▸ **Task to carry out**
The first line of the entries below, the line containing "Heart Charm Initial Bangle", and every line between them should be repeated exactly, and nothing else.

Recorded data
⁂
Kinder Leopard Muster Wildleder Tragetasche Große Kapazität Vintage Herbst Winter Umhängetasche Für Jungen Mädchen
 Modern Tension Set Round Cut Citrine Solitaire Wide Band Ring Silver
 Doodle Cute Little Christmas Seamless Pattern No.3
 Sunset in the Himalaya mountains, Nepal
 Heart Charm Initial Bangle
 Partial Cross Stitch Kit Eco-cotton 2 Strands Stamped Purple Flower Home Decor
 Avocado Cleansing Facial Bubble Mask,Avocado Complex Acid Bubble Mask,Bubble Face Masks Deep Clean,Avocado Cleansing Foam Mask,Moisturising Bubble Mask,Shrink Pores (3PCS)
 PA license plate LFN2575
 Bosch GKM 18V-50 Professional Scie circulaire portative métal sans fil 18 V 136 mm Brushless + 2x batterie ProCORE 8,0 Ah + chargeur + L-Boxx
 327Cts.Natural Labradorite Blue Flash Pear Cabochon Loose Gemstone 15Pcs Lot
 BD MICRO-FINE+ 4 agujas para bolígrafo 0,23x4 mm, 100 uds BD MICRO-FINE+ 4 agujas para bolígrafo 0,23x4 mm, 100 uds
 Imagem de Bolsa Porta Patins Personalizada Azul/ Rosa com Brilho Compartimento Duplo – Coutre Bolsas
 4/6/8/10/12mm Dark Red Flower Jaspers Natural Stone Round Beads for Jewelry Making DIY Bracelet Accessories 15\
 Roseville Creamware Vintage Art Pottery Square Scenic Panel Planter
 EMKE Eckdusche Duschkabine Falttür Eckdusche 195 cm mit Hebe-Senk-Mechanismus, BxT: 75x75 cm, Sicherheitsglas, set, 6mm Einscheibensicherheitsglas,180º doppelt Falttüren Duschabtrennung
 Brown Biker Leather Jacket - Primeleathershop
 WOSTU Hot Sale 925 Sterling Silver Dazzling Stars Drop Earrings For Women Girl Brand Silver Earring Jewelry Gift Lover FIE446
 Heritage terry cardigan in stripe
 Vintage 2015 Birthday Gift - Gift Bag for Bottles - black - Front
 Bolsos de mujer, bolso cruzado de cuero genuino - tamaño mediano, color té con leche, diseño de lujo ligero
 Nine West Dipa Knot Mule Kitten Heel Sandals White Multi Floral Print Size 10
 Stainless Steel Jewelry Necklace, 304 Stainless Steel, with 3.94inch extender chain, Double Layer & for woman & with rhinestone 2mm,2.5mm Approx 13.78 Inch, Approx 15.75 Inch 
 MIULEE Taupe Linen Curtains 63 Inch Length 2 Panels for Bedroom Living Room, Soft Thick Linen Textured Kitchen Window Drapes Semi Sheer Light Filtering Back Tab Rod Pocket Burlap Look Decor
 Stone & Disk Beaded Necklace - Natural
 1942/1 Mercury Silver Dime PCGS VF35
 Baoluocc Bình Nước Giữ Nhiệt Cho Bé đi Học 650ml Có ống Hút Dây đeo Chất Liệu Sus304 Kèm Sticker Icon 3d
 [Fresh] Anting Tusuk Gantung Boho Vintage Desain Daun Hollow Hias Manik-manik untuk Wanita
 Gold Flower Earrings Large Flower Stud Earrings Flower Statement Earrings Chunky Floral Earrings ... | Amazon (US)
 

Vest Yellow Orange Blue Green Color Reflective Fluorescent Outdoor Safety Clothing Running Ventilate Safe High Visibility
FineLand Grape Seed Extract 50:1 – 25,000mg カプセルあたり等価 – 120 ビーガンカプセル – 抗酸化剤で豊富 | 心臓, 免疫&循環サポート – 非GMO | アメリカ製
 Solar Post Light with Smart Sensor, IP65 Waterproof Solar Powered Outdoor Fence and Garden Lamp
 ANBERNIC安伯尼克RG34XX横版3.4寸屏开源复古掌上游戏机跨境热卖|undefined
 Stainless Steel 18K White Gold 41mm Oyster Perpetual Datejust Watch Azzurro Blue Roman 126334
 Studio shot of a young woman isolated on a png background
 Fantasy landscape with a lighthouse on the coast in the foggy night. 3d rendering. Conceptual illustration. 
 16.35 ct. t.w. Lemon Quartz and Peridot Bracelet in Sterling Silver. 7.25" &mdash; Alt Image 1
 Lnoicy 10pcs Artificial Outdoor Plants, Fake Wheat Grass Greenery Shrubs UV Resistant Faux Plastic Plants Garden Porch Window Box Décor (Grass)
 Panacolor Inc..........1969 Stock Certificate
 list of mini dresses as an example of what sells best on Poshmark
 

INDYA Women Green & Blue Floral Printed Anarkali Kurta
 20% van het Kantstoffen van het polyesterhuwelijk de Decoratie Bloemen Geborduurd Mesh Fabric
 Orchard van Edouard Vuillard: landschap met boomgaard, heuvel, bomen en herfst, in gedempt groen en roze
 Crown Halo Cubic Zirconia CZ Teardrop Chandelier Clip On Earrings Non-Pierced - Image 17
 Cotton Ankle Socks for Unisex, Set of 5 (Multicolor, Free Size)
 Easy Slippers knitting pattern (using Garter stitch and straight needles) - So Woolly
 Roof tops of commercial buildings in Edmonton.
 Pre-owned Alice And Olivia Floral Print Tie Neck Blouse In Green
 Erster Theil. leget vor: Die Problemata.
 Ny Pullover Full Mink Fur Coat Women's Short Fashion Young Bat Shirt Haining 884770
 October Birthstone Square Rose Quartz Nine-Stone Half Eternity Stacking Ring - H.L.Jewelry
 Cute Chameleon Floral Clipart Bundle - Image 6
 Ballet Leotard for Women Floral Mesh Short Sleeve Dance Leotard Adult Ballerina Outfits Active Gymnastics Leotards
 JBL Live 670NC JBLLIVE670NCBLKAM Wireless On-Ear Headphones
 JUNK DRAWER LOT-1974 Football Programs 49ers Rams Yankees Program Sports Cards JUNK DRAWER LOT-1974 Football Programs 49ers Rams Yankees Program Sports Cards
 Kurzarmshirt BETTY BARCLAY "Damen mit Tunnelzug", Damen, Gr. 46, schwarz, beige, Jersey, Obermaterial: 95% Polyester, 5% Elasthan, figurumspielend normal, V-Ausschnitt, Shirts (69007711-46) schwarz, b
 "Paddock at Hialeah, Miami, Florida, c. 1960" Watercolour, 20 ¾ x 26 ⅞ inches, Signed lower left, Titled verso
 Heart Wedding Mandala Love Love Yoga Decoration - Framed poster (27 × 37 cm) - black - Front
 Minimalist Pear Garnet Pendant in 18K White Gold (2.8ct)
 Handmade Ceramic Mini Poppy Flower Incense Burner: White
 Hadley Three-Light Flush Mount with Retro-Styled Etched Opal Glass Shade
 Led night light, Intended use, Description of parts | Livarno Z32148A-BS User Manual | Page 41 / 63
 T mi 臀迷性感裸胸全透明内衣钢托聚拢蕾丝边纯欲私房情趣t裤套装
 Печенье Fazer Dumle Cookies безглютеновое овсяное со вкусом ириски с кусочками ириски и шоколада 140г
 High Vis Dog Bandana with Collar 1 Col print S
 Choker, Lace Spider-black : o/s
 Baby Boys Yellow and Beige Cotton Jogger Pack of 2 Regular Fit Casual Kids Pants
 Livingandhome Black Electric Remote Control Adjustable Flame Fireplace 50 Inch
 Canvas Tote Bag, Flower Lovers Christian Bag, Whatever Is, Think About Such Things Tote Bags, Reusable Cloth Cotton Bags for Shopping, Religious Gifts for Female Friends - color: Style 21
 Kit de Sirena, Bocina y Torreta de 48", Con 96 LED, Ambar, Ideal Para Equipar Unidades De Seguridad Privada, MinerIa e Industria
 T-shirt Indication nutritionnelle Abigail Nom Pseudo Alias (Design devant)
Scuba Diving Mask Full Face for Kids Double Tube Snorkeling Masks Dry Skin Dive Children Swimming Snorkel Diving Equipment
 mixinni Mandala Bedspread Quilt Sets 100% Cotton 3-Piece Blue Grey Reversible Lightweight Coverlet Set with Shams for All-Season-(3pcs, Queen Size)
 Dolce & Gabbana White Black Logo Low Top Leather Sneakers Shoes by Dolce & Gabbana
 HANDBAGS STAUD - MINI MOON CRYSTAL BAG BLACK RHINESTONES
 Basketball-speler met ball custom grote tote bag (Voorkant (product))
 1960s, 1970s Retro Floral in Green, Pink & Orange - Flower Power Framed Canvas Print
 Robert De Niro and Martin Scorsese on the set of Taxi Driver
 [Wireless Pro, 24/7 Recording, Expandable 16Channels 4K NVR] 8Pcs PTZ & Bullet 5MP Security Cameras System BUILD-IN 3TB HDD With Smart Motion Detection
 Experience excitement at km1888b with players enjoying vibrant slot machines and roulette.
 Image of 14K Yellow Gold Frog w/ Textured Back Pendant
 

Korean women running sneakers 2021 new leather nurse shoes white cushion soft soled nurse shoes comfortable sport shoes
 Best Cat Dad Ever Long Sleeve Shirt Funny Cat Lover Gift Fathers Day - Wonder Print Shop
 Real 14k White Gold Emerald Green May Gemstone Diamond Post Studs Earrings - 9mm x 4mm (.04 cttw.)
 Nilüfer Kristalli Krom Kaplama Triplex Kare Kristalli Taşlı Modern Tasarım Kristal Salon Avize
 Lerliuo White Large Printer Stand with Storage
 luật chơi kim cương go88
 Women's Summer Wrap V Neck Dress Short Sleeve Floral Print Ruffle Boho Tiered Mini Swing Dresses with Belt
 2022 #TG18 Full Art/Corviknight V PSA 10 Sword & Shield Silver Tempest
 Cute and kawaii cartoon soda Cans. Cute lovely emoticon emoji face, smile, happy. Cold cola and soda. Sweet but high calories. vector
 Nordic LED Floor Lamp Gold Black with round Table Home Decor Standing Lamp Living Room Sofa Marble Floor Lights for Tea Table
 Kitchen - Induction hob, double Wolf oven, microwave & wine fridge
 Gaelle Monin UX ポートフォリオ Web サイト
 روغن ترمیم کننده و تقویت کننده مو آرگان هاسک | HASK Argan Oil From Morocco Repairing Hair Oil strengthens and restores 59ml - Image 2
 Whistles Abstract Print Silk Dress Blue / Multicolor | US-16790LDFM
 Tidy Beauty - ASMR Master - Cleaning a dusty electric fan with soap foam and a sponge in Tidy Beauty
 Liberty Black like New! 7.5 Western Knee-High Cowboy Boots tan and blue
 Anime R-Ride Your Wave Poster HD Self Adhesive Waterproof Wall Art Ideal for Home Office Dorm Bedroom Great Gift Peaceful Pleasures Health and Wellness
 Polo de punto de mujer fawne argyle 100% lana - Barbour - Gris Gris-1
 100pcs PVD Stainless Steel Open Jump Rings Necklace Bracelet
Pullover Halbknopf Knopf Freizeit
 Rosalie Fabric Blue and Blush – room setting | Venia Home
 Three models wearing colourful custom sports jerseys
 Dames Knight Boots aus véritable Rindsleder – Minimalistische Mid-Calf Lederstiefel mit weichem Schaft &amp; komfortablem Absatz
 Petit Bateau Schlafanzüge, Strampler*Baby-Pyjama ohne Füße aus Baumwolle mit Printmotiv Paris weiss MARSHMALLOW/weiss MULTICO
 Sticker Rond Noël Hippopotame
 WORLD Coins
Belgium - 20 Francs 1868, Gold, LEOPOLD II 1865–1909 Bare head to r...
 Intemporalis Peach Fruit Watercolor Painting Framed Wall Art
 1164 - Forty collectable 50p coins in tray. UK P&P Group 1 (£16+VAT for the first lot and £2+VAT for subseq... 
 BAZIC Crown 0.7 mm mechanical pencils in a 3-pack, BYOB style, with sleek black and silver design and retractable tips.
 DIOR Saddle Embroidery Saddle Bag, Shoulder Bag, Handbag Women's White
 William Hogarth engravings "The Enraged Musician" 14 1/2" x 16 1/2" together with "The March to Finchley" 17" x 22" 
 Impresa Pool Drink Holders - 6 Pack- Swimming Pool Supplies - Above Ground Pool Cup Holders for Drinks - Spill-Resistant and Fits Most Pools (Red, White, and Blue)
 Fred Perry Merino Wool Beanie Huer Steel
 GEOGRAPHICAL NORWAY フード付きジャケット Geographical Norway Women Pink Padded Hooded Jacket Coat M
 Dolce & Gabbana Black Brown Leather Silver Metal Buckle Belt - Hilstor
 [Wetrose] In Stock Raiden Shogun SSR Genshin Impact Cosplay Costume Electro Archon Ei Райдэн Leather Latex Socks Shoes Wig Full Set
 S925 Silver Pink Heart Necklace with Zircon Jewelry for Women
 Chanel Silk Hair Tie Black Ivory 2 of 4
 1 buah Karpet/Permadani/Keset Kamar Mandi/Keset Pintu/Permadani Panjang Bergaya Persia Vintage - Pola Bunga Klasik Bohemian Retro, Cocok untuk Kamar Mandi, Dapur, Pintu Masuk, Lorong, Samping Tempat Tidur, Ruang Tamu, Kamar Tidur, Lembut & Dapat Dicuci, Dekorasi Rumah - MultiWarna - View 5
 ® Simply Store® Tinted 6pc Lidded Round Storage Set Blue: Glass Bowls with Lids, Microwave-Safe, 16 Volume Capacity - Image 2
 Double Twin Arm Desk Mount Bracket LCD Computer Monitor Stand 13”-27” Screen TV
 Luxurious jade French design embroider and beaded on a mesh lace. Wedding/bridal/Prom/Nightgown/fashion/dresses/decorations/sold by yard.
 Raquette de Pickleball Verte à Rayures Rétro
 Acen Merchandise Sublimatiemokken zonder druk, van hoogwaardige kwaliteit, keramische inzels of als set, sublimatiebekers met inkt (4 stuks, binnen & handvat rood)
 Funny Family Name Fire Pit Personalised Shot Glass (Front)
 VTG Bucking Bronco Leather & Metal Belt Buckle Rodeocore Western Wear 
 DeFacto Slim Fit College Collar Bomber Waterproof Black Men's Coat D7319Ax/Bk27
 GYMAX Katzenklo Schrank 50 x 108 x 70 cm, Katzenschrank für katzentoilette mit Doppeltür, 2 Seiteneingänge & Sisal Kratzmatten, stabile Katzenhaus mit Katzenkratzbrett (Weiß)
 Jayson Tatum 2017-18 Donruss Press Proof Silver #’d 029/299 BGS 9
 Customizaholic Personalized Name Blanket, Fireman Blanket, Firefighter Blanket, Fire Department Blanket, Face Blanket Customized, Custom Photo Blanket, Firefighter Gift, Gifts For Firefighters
⁂
▸ **Solution for this problem**
Kinder Leopard Muster Wildleder Tragetasche Große Kapazität Vintage Herbst Winter Umhängetasche Für Jungen Mädchen
 Modern Tension Set Round Cut Citrine Solitaire Wide Band Ring Silver
 Doodle Cute Little Christmas Seamless Pattern No.3
 Sunset in the Himalaya mountains, Nepal
 Heart Charm Initial Bangle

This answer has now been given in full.